# FISHING GAME!!!



## REO (Mar 12, 2012)

*Hello Everyone.. This is the official thread of the monthly "GONE FISHING" Contest!*

Are we ready to have some FUN???






My husband LOVES to fish.. and he wants you to join him! Catch a SPECIAL SEAHORSE and you will win a prize!

*Here is HOW TO PLAY! Read carefully.*

*7 numbers have been PRE-SELECTED before the game started.*

THOSE NUMBERS DO NOT CHANGE DURING THE CONTEST!!!





The SAME pre-selected numbers stay the same until all 7 of those numbers have been guessed!

*Those numbers are somewhere from 1 to 100.*

SO! All you have to do is Each day Post ONE GUESS from 1 to 100.

ONE GUESS PER PERSON PER DAY UNTIL ALL PRIZES HAVE BEEN WON.

(The winners will be posted in this thread)

IF you post numbers that have already been used, you will have wasted your guess.

If a number did not win before, it won't win the next day either LOL!

So post your one guess per day! A day is midnight to midnight CST.

*CLICK THIS LINK and see the great PRIZES we have for you to win!* 

*http://www.lilbeginnings.com/contest/*

If you win, be sure and thank the person who donated it! All these fun games can't happen without our generous donators!





If you'd like to donate a prize, please email Mary Lou.

The winners are:

#1 *Happy Appy*

#2 *Maple Hollow Farm*

#3 *dannigirl*

#4 *Genie *

#5* Bullockcorner*

#6 *Royal Crescent*

#7 *Shana*

When all the prizes are WON, this thread will be CLOSED.

Many, many thanks to the people that donated these nice prizes!!!
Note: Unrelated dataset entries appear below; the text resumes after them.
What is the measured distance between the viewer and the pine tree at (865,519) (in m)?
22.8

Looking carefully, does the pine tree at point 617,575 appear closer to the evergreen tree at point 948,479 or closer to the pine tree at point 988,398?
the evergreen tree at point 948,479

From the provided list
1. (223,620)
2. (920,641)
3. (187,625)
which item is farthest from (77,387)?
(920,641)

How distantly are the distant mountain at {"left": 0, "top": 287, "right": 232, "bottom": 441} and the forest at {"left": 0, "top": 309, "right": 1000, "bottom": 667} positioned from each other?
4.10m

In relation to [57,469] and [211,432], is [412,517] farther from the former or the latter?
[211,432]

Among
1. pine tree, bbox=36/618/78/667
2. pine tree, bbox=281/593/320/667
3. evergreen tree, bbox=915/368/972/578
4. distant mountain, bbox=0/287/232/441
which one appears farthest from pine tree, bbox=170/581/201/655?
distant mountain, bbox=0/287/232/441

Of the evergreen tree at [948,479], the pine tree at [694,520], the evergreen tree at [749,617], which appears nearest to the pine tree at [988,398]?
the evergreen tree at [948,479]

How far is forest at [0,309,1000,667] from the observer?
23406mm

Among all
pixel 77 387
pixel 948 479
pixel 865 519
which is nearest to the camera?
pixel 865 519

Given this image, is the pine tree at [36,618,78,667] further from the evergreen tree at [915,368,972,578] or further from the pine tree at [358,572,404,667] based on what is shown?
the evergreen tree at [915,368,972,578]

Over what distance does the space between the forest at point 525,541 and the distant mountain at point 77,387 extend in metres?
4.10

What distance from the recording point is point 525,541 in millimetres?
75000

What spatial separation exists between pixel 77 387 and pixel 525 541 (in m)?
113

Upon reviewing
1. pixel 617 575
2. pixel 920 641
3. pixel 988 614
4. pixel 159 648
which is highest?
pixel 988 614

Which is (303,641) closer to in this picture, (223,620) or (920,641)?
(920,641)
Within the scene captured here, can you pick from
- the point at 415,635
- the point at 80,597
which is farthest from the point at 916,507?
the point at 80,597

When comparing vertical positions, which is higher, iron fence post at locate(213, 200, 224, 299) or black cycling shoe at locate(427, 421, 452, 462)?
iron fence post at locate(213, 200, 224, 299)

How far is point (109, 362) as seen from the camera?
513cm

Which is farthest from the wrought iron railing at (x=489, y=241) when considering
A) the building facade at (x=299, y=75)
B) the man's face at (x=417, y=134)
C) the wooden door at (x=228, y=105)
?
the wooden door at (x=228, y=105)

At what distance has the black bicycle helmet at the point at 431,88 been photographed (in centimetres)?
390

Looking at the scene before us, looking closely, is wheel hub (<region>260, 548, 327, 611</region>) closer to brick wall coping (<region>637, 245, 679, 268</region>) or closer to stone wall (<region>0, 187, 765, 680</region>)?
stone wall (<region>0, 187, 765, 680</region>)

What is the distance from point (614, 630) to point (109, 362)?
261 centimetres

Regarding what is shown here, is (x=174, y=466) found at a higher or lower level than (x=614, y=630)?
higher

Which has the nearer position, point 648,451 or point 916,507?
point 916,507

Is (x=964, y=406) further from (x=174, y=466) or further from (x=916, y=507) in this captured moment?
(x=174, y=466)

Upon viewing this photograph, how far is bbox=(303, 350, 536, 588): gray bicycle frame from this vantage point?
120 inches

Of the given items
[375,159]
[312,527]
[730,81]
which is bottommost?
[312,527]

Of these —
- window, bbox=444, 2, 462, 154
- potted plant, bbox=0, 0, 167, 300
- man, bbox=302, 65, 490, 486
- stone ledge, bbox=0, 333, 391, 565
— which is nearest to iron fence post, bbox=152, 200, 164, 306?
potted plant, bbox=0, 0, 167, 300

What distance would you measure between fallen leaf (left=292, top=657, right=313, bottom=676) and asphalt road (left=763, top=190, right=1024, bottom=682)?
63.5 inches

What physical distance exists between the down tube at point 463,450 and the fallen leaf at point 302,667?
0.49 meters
Robin, Mary Lou & the LB Team

So come on down to the LB Fishin' Hole and catch one of those special seahorses!

Let the FUN begin!





*READ THIS!!!!!!!!*

* *

* *

*All 7 winners are to email me their name and mailing address. All 7 names will be put in a jar and the two names drawn out will get the either the "mystery prize" or the test strips prize, and the other 5 will get Lil Beginnings magnets. That is the most fair way I can think of!*

* *

* *

* *

*READ THIS TOO!!*

* *

*Anyone wanting to help Mary Lou and I keeping the fun games going by generously donating a prize, please contact myself or Mary Lou! We'd appreciate it!*


----------



## cassie (Mar 12, 2012)

43


----------



## bluerogue (Mar 12, 2012)

77


----------



## walkermini (Mar 12, 2012)

14


----------



## Kim~Crayonboxminiatures (Mar 12, 2012)
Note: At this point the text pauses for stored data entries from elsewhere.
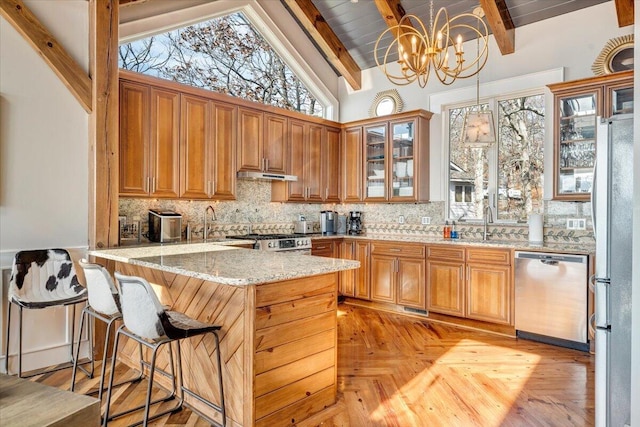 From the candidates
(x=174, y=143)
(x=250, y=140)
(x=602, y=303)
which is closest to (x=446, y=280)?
(x=602, y=303)

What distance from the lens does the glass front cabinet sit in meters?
5.05

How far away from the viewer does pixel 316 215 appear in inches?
236

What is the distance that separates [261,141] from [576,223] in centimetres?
360

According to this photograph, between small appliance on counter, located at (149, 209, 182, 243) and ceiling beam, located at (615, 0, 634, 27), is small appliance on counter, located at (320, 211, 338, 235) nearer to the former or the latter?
small appliance on counter, located at (149, 209, 182, 243)

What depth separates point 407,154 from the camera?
16.9 ft

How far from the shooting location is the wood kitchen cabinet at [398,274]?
457cm


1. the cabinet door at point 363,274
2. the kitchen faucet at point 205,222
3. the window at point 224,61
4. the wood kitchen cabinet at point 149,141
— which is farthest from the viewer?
the cabinet door at point 363,274

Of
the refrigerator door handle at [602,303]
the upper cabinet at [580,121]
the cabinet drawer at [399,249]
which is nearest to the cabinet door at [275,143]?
the cabinet drawer at [399,249]

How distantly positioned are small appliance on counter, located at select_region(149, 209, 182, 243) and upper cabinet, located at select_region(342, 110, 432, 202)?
255 centimetres

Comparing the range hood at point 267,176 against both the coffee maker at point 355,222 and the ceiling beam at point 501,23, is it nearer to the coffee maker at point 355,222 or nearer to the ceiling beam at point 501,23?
the coffee maker at point 355,222

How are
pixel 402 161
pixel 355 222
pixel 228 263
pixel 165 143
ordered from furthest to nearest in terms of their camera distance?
pixel 355 222, pixel 402 161, pixel 165 143, pixel 228 263

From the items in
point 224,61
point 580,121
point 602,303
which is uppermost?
point 224,61

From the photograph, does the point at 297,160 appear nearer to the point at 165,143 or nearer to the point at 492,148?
the point at 165,143

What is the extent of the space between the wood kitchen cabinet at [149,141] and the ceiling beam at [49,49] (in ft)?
1.23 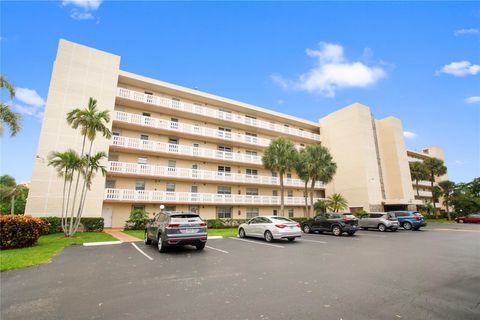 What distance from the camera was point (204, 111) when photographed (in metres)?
27.7

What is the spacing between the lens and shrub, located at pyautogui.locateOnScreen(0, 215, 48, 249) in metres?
11.3

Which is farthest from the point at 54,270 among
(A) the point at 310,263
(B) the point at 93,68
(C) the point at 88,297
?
(B) the point at 93,68

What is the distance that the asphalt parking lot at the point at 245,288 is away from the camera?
4270 millimetres

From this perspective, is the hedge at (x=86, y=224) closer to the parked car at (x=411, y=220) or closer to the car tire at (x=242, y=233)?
the car tire at (x=242, y=233)

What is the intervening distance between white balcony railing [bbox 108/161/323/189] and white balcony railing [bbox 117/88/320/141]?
673 cm

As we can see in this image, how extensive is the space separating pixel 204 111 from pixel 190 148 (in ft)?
16.2

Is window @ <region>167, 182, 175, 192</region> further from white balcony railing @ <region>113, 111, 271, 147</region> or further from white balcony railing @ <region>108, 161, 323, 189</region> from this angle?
white balcony railing @ <region>113, 111, 271, 147</region>

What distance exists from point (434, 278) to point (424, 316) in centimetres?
321

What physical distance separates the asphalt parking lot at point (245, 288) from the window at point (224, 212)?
19.0 metres

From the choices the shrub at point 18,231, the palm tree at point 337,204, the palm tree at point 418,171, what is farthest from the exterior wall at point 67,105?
the palm tree at point 418,171

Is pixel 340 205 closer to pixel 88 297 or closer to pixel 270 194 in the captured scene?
pixel 270 194

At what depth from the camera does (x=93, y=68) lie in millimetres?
22609

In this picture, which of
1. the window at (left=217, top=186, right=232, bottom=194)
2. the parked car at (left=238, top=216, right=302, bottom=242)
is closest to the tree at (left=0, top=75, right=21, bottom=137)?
the parked car at (left=238, top=216, right=302, bottom=242)

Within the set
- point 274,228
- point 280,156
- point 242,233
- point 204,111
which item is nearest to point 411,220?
point 280,156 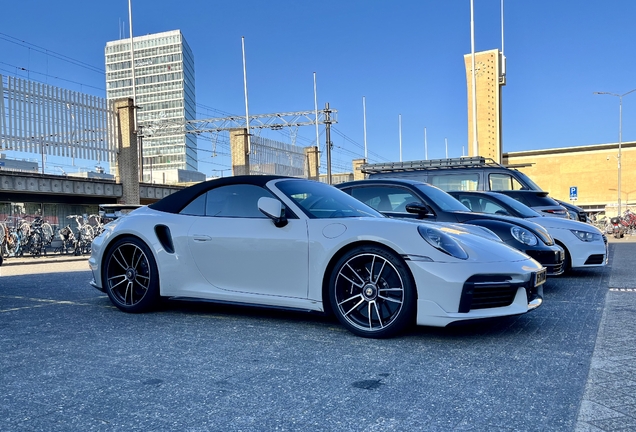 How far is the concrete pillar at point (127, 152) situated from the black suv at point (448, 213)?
2801 centimetres

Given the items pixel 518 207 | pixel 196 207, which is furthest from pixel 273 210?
pixel 518 207

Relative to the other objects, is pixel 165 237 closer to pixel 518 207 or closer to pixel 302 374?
pixel 302 374

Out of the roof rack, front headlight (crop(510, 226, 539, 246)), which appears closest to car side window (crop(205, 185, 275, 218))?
front headlight (crop(510, 226, 539, 246))

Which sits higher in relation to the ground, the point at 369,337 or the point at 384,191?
the point at 384,191

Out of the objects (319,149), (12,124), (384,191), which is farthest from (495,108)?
(384,191)

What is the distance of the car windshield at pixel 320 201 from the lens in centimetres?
437

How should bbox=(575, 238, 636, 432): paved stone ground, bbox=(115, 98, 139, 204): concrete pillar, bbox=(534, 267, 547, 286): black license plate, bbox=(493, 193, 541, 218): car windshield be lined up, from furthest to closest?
bbox=(115, 98, 139, 204): concrete pillar < bbox=(493, 193, 541, 218): car windshield < bbox=(534, 267, 547, 286): black license plate < bbox=(575, 238, 636, 432): paved stone ground

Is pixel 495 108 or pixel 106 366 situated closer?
pixel 106 366

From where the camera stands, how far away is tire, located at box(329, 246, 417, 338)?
3746 millimetres

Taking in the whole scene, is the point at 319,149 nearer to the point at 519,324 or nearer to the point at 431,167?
the point at 431,167

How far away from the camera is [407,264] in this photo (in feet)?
12.3

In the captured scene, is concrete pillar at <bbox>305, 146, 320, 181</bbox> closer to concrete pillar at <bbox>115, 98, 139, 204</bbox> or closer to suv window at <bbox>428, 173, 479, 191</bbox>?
concrete pillar at <bbox>115, 98, 139, 204</bbox>

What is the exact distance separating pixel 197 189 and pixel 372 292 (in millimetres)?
2001

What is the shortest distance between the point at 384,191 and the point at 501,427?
4.58 metres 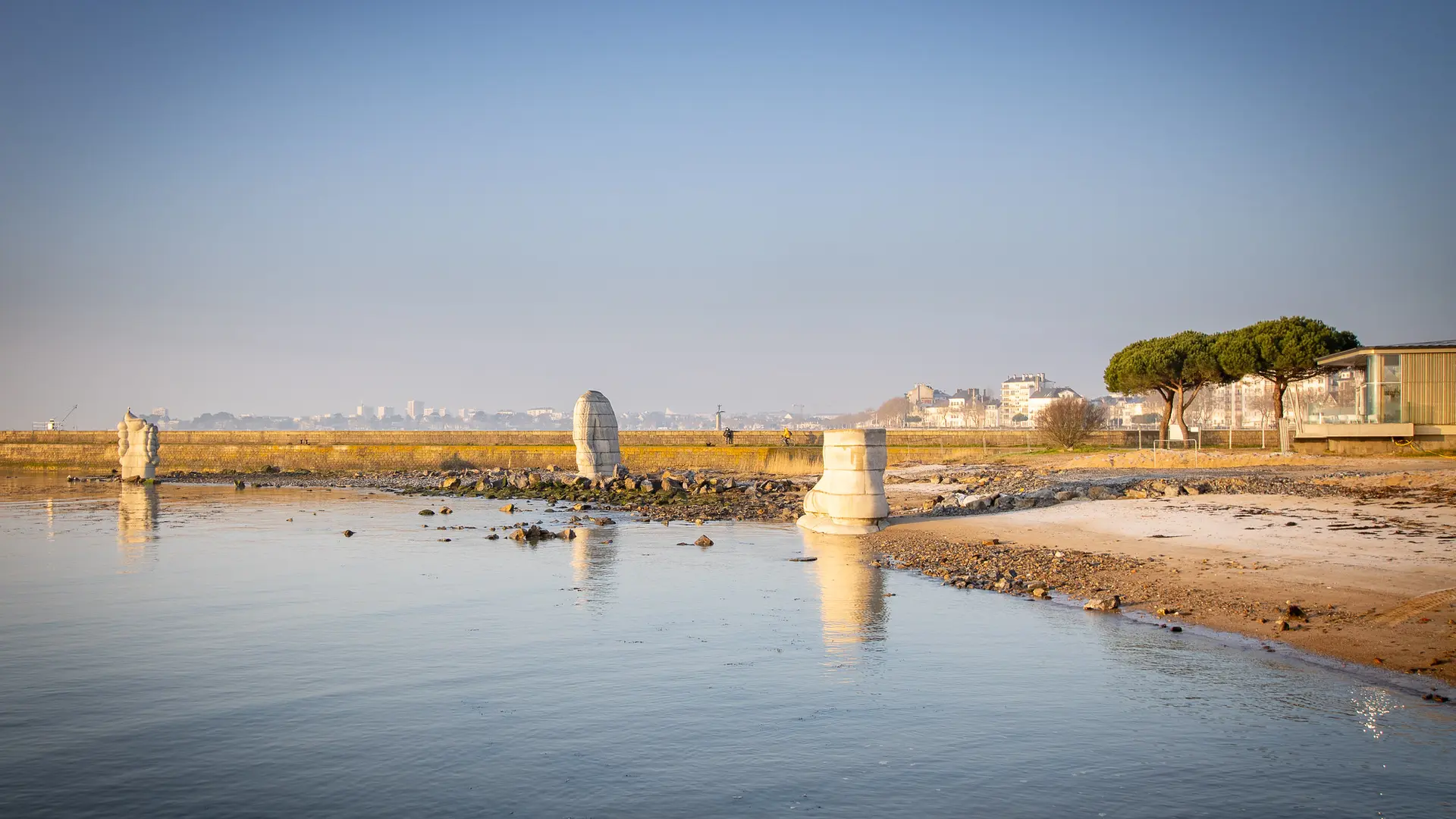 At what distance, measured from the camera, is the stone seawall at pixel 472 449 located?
150 feet

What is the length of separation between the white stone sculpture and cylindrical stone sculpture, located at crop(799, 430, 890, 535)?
122 ft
#5, may it be yummy to a fish!


----------



## Minimor (Mar 12, 2012)

16


----------



## jacks'thunder (Mar 12, 2012)

*99 for Monday!!*


----------



## Genie (Mar 12, 2012)

_74_


----------



## Riverrose28 (Mar 12, 2012)

For Mon. 19


----------



## REO (Mar 12, 2012)

Keep guessing! I'll be back later!


----------



## Field-of-Dreams (Mar 12, 2012)

for Monday: 51


----------



## BeeBopMini (Mar 12, 2012)

Lets start with #12 this morning


----------



## Reble (Mar 12, 2012)

Number today is # 60


----------



## Crabby-Chicken (Mar 12, 2012)

Ok I say... 46!


----------



## Zipper (Mar 12, 2012)

75 for Monday


----------



## ruffian (Mar 12, 2012)

87


----------



## MBhorses (Mar 12, 2012)

I love this game, but I won foaling strips last month (which I am so happy about)I am so thankful for mary lou and libeginnings and all the wonderful folks who donate for this game.Thanks alot





I have question when someone wins how long do they have to wait to be able to play again


----------



## mad for mini's (Mar 12, 2012)

# 30


----------



## Maple Hollow Farm (Mar 12, 2012)

82


----------



## Catsie (Mar 12, 2012)

My lucky number: 27!


----------



## mini horse mania (Mar 12, 2012)

79...


----------



## happy appy (Mar 12, 2012)

I'm going with the years i've been married - 22.


----------



## Barnmother (Mar 12, 2012)

For Monday the 12th I guess 54


----------



## Mr.T (Mar 12, 2012)

24


----------



## Royal Crescent (Mar 12, 2012)

36


----------



## REO (Mar 12, 2012)

Not yet!


----------



## heartkranch (Mar 12, 2012)

#9

(btw robin couldn't get ahold of the vet)


----------



## KanoasDestiny (Mar 12, 2012)

17


----------



## cowgurl_up (Mar 12, 2012)

31


----------



## iabecca (Mar 12, 2012)

I'll try 50


----------



## dannigirl (Mar 12, 2012)

88 for monday


----------



## fancyshadow (Mar 12, 2012)

33


----------



## Lil Timber Buck (Mar 12, 2012)

78 for the year my hubs was born


----------



## REO (Mar 12, 2012)

MBminis, I forgot to answer your question! We like, that if someone won the month before, that they sit out the present month, to give the others a chance.


----------



## MBhorses (Mar 12, 2012)

REO said:


> MBminis, I forgot to answer your question! We like, that if someone won the month before, that they sit out the present month, to give the others a chance.


Okay I agree



I just like playing



Winning was a plus


----------



## Lil Timber Buck (Mar 12, 2012)

So no winning numbers yet?


----------



## REO (Mar 12, 2012)

Not yet!


----------



## mad for mini's (Mar 13, 2012)

I'm guessing #76 for today ( Tuesday )



I hope I have the time right and it is Tuesday for the game as well.


----------



## jacks'thunder (Mar 13, 2012)

*We say 62 for Tuesday!*


----------



## Minimor (Mar 13, 2012)

21 for Tuesday


----------



## Kim~Crayonboxminiatures (Mar 13, 2012)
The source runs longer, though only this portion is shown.